Tiap kali Tini merasa rindu kepada Tono, ia memandang foto kekasihnya dan menggunakan syal di lehernya seperti pesan Tono dulu. Pada saat itu Tini seperti mendengar pesan lagi pesan Tono kepadanya; percayalah kepadaku, aku akan kembali kepadamu, karena aku sangat cinta padamu. Meskipun secara fisik jarak antara mereka itu sangat jauh, namun mereka tetap dekat di hati dan merasa selalu ada ikatan dan hubungan satu sama lain.

Dengan contoh diatas, jelaslah bahwa meskipun jarak berjauhan namun hubungan mereka tetap dekat karena adanya tanda mata atau tanda cinta itu. Tanda mata atau tanda cinta itu sesuatu yang kelihatan (dapat dilihat, dapat diraba) tetapi sekaligus menampakkan sesuatu yang tidak kelihatan, yaitu cinta kasih dan hubungan pribadi antara mereka. Dengan demikian, tanda mata tersebut menjadi sarana yang menghubungkan dan mempersatukan mereka berdua. Dengan istilah modern dapat dikatakan: menjadi alat komunikasi yang menyebabkan mereka berdua dapat bertemu dan dapat bersatu.
Ada hal lain lagi yang juga jelas dari kisah di atas. Tanda mata dari Tono kepada Tini itu hanya berarti bagi Tini, karena di antara mereka sudah ada hubungan cinta. Tanda mata tersebut mengungkapkan dan menyatakan cinta dan hubungan batin yang sudah ada.

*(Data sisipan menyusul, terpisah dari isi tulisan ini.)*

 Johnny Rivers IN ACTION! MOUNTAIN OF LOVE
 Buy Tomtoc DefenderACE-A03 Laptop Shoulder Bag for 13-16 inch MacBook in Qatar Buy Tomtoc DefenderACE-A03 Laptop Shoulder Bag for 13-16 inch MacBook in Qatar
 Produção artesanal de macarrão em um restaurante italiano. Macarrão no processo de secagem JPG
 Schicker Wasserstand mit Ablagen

Maka, bingkisan dan surat yang ditujukan kepada Tini sungguh berarti bagi Tini – tetapi sangat mungkin tidak ada artinya sama sekali bagi orang lain. Syal itu yang bagi Tini dirasakan sebagai tangan Tono sendiri yang merangkulnya, tetapi bagi teman-teman Tini mungkin tidak lebih dari sehelai kain belaka atau bahkan dianggap hanya sebagai gombal.
Mengapa demikian? Karena Tini dapat melihat arti di balik tanda mata tersebut; karena Tini mencintai Tono dan percaya akan kata-kata Tono, sedangkan teman-temannya tidak. Seandainya Tini tidak percaya akan kata-kata Tono, mungkin ia juga akan menganggap syal itu sebagai gombal saja yang tak ada artinya. Tetapi justru karena Tini percaya dan cinta kepada Tono, tanda mata itu punya arti yang sangat besar dalam hidupnya, yaitu mengingatkan Tini akan Tono dan membuatnya tabah dan tenang dalam menghadapi tantangan-tantangan hidupnya.

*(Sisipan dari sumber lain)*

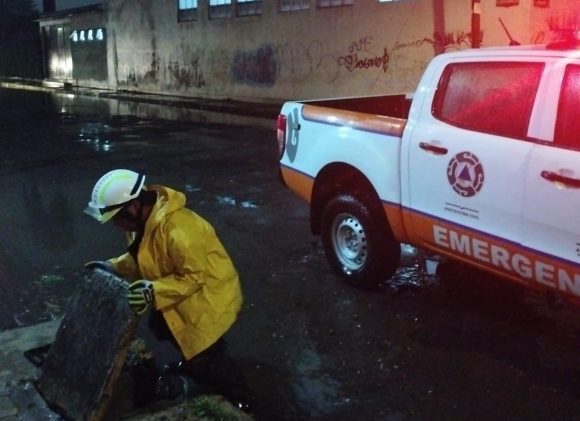 Retira Protección Civil desechos sólidos en alcantarillas pluviales tras fuertes lluvias en Puebla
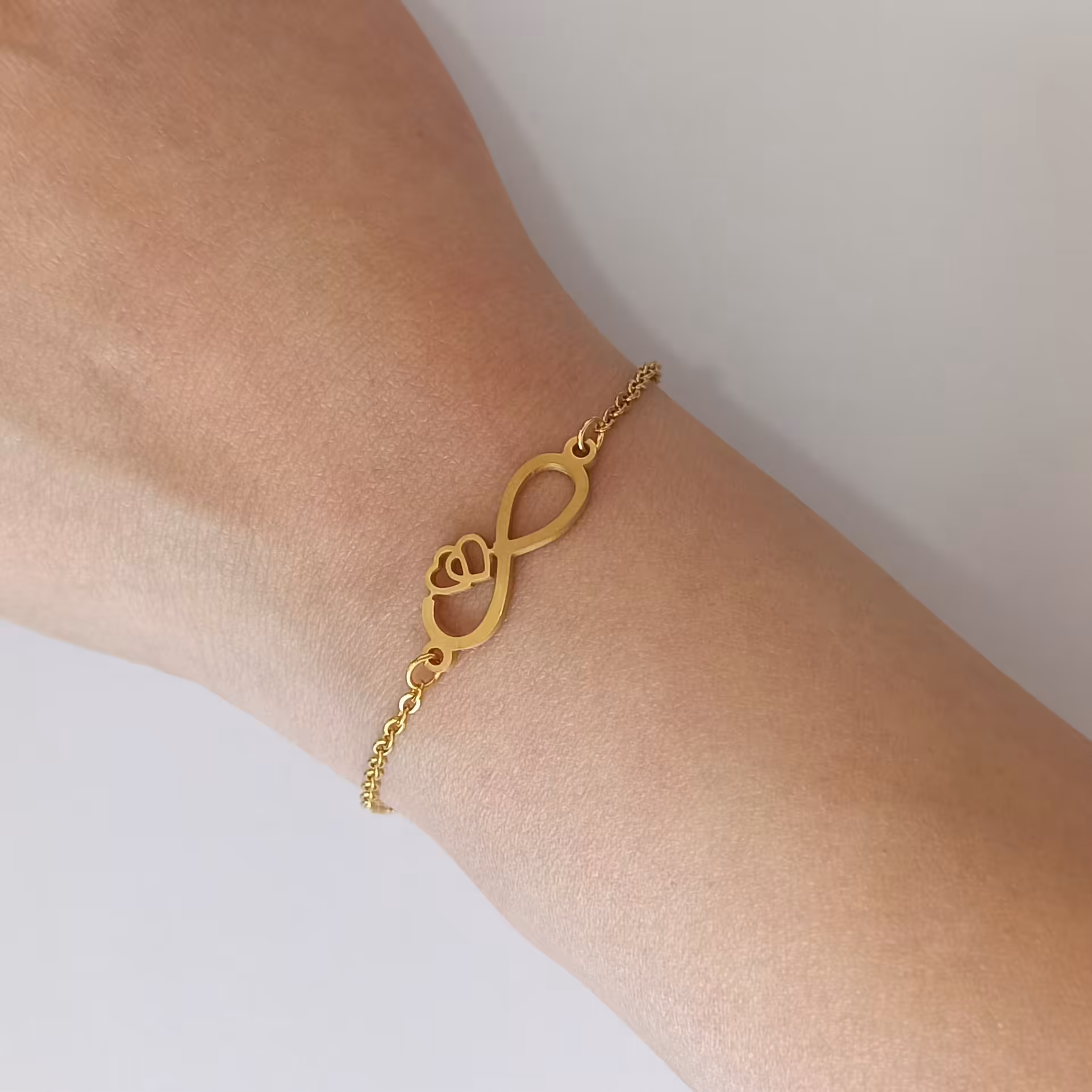 دستبند طلایی طرح بینهایت ، جنس استیل و رنگ ثابت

Sakramen tanda cinta Tuhan kepada umat-Nya

Pengertian sakramen itu kurang lebih sama dengan yang dipaparkan di atas. Sakramen yaitu tanda mata atau tanda cinta dari Tuhan kepada manusia. Dengan tanda itu, tuhan mau menyatakan bahwa Ia sungguh mencintai manusia. Sebenarnya, dari banyak hal dalam kehidupan kita, dapat kita ketahui bahwa Tuhan mencintai kita. Dialah sumber segala kehidupan; Dialah sumber segala bakat dan kemampuan kita. Dan meskipun kita berdosa, Tuhan masih mau memberikan pengampunan atas segala dosa kita. Kedatangan Kristus di dunia ini dan wafat-Nya di kayu salib itulah bukti betapa besar cinta kasih Allah kepada kita. Namun, kehadiran dan kasih Tuhan itu tidak kelihatan secara fisik.
Justru oleh karena itu, Tuhan mau menampakkan kehadiran-Nya dalam hidup kita melalui tanda-tanda yang tampak dan kngkret yakni yang kita sebut ‘sakramen’. Setiap sakramen adlah tanda kehadiran Tuhan dan sarana dalam tangan Tuhan untuk menghubungi manusia, agar kita selalu dekat pada-Nya dan merasa dicintai oleh-Nya.
Tetapi, agar kita menyadari dan menangkap bahwa tanda itu adalah tanda cinta Tuhan, kita harus percaya kepada Tuhan. Sebab, orang yang tidak percaya kepada Tuhan akan sulit untuk menangkap bahwa tanda itu adalah tanda cinta Tuhan. Misalnya, bagi orang yang tidak percaya kepada Kristus, upacara pembaptisan, perayaan Ekaristi dan komuni suci itu tidak punya arti apa-apa. Mengapa kita menghormati komuni kudus? Karena kita percaya kepada Kristus. Mengapa kita minta dibaptis? Karena kita mennangkap arti di belakang upacara baptis itu. Dan mengapa kita percaya bahwa perkawinan itu juga suatu sakramen? Karena kita percaya kepada Kristus.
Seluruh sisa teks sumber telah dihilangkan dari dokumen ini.